#### INFORMATION ####

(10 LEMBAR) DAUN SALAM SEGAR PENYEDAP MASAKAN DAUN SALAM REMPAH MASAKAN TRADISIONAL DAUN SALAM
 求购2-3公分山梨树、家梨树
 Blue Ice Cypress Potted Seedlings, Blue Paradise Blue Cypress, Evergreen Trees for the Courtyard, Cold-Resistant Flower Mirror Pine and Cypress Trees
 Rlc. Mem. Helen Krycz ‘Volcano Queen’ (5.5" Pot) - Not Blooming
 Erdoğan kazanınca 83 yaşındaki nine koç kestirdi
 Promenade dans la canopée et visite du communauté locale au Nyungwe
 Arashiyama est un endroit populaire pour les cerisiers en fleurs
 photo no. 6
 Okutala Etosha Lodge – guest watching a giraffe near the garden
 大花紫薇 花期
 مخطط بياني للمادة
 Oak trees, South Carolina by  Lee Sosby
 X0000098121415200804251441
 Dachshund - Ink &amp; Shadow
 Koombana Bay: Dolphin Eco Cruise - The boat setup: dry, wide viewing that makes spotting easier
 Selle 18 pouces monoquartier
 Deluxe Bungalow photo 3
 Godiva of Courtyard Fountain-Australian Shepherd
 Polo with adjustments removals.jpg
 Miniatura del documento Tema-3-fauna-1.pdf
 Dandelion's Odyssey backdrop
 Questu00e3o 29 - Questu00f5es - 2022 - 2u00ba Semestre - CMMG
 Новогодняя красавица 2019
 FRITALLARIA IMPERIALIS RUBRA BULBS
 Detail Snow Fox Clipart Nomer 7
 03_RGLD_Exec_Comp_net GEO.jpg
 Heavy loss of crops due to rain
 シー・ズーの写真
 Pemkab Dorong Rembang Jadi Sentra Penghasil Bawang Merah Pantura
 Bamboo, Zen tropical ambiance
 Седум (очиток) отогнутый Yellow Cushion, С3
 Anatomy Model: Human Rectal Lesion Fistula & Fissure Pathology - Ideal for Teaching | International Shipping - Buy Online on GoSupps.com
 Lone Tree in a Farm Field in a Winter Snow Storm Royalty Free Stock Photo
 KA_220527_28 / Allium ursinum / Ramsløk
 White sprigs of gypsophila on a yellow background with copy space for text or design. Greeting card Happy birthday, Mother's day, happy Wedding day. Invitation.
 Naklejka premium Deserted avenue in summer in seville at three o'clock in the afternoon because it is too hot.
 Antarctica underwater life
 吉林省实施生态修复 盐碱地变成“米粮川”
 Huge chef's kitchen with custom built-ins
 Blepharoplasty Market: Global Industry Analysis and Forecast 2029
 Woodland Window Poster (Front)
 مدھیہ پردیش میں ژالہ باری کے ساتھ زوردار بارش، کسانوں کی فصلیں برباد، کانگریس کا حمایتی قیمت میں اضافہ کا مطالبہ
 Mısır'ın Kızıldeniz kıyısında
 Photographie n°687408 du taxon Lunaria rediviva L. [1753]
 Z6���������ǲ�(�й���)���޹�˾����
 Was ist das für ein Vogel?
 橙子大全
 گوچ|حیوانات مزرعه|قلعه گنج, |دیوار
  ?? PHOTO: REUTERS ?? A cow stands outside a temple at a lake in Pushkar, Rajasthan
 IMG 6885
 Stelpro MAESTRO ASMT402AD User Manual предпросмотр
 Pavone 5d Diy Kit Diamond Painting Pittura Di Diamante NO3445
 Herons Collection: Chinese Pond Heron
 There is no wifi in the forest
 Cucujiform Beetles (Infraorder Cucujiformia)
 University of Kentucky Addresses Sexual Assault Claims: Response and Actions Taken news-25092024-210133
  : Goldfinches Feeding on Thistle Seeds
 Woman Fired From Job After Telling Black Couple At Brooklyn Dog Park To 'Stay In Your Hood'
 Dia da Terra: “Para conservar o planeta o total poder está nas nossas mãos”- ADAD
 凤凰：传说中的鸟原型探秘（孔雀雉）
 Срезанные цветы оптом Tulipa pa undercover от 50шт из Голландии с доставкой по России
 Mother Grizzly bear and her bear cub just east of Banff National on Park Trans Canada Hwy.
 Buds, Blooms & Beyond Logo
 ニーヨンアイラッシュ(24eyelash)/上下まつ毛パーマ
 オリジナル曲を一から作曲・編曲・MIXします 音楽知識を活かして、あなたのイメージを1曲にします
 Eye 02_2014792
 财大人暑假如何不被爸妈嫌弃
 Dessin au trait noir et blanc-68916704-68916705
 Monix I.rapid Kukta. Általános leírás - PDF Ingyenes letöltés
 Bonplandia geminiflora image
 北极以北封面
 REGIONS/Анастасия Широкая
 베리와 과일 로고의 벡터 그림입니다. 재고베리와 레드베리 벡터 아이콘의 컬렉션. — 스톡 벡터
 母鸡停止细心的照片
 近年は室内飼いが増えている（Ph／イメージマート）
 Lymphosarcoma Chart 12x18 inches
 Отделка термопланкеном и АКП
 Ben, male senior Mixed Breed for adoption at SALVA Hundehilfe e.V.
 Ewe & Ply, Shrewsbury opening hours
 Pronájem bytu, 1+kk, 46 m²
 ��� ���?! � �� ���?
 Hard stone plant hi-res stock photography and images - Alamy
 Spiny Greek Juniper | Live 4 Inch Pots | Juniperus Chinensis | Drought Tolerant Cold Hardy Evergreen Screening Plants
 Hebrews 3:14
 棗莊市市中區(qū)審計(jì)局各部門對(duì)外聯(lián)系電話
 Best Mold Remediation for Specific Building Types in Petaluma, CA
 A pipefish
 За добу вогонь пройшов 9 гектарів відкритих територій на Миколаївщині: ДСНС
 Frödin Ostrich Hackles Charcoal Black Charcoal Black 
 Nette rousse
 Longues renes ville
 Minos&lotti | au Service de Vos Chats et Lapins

####

Write the records out again so that each one matches the original exactly.

YOUR SOLUTION =
(10 LEMBAR) DAUN SALAM SEGAR PENYEDAP MASAKAN DAUN SALAM REMPAH MASAKAN TRADISIONAL DAUN SALAM
 求购2-3公分山梨树、家梨树
 Blue Ice Cypress Potted Seedlings, Blue Paradise Blue Cypress, Evergreen Trees for the Courtyard, Cold-Resistant Flower Mirror Pine and Cypress Trees
 Rlc. Mem. Helen Krycz ‘Volcano Queen’ (5.5" Pot) - Not Blooming
 Erdoğan kazanınca 83 yaşındaki nine koç kestirdi
 Promenade dans la canopée et visite du communauté locale au Nyungwe
 Arashiyama est un endroit populaire pour les cerisiers en fleurs
 photo no. 6
 Okutala Etosha Lodge – guest watching a giraffe near the garden
 大花紫薇 花期
 مخطط بياني للمادة
 Oak trees, South Carolina by  Lee Sosby
 X0000098121415200804251441
 Dachshund - Ink &amp; Shadow
 Koombana Bay: Dolphin Eco Cruise - The boat setup: dry, wide viewing that makes spotting easier
 Selle 18 pouces monoquartier
 Deluxe Bungalow photo 3
 Godiva of Courtyard Fountain-Australian Shepherd
 Polo with adjustments removals.jpg
 Miniatura del documento Tema-3-fauna-1.pdf
 Dandelion's Odyssey backdrop
 Questu00e3o 29 - Questu00f5es - 2022 - 2u00ba Semestre - CMMG
 Новогодняя красавица 2019
 FRITALLARIA IMPERIALIS RUBRA BULBS
 Detail Snow Fox Clipart Nomer 7
 03_RGLD_Exec_Comp_net GEO.jpg
 Heavy loss of crops due to rain
 シー・ズーの写真
 Pemkab Dorong Rembang Jadi Sentra Penghasil Bawang Merah Pantura
 Bamboo, Zen tropical ambiance
 Седум (очиток) отогнутый Yellow Cushion, С3
 Anatomy Model: Human Rectal Lesion Fistula & Fissure Pathology - Ideal for Teaching | International Shipping - Buy Online on GoSupps.com
 Lone Tree in a Farm Field in a Winter Snow Storm Royalty Free Stock Photo
 KA_220527_28 / Allium ursinum / Ramsløk
 White sprigs of gypsophila on a yellow background with copy space for text or design. Greeting card Happy birthday, Mother's day, happy Wedding day. Invitation.
 Naklejka premium Deserted avenue in summer in seville at three o'clock in the afternoon because it is too hot.
 Antarctica underwater life
 吉林省实施生态修复 盐碱地变成“米粮川”
 Huge chef's kitchen with custom built-ins
 Blepharoplasty Market: Global Industry Analysis and Forecast 2029
 Woodland Window Poster (Front)
 مدھیہ پردیش میں ژالہ باری کے ساتھ زوردار بارش، کسانوں کی فصلیں برباد، کانگریس کا حمایتی قیمت میں اضافہ کا مطالبہ
 Mısır'ın Kızıldeniz kıyısında
 Photographie n°687408 du taxon Lunaria rediviva L. [1753]
 Z6���������ǲ�(�й���)���޹�˾����
 Was ist das für ein Vogel?
 橙子大全
 گوچ|حیوانات مزرعه|قلعه گنج, |دیوار
  ?? PHOTO: REUTERS ?? A cow stands outside a temple at a lake in Pushkar, Rajasthan
 IMG 6885
 Stelpro MAESTRO ASMT402AD User Manual предпросмотр
 Pavone 5d Diy Kit Diamond Painting Pittura Di Diamante NO3445
 Herons Collection: Chinese Pond Heron
 There is no wifi in the forest
 Cucujiform Beetles (Infraorder Cucujiformia)
 University of Kentucky Addresses Sexual Assault Claims: Response and Actions Taken news-25092024-210133
  : Goldfinches Feeding on Thistle Seeds
 Woman Fired From Job After Telling Black Couple At Brooklyn Dog Park To 'Stay In Your Hood'
 Dia da Terra: “Para conservar o planeta o total poder está nas nossas mãos”- ADAD
 凤凰：传说中的鸟原型探秘（孔雀雉）
 Срезанные цветы оптом Tulipa pa undercover от 50шт из Голландии с доставкой по России
 Mother Grizzly bear and her bear cub just east of Banff National on Park Trans Canada Hwy.
 Buds, Blooms & Beyond Logo
 ニーヨンアイラッシュ(24eyelash)/上下まつ毛パーマ
 オリジナル曲を一から作曲・編曲・MIXします 音楽知識を活かして、あなたのイメージを1曲にします
 Eye 02_2014792
 财大人暑假如何不被爸妈嫌弃
 Dessin au trait noir et blanc-68916704-68916705
 Monix I.rapid Kukta. Általános leírás - PDF Ingyenes letöltés
 Bonplandia geminiflora image
 北极以北封面
 REGIONS/Анастасия Широкая
 베리와 과일 로고의 벡터 그림입니다. 재고베리와 레드베리 벡터 아이콘의 컬렉션. — 스톡 벡터
 母鸡停止细心的照片
 近年は室内飼いが増えている（Ph／イメージマート）
 Lymphosarcoma Chart 12x18 inches
 Отделка термопланкеном и АКП
 Ben, male senior Mixed Breed for adoption at SALVA Hundehilfe e.V.
 Ewe & Ply, Shrewsbury opening hours
 Pronájem bytu, 1+kk, 46 m²
 ��� ���?! � �� ���?
 Hard stone plant hi-res stock photography and images - Alamy
 Spiny Greek Juniper | Live 4 Inch Pots | Juniperus Chinensis | Drought Tolerant Cold Hardy Evergreen Screening Plants
 Hebrews 3:14
 棗莊市市中區(qū)審計(jì)局各部門對(duì)外聯(lián)系電話
 Best Mold Remediation for Specific Building Types in Petaluma, CA
 A pipefish
 За добу вогонь пройшов 9 гектарів відкритих територій на Миколаївщині: ДСНС
 Frödin Ostrich Hackles Charcoal Black Charcoal Black 
 Nette rousse
 Longues renes ville
 Minos&lotti | au Service de Vos Chats et Lapins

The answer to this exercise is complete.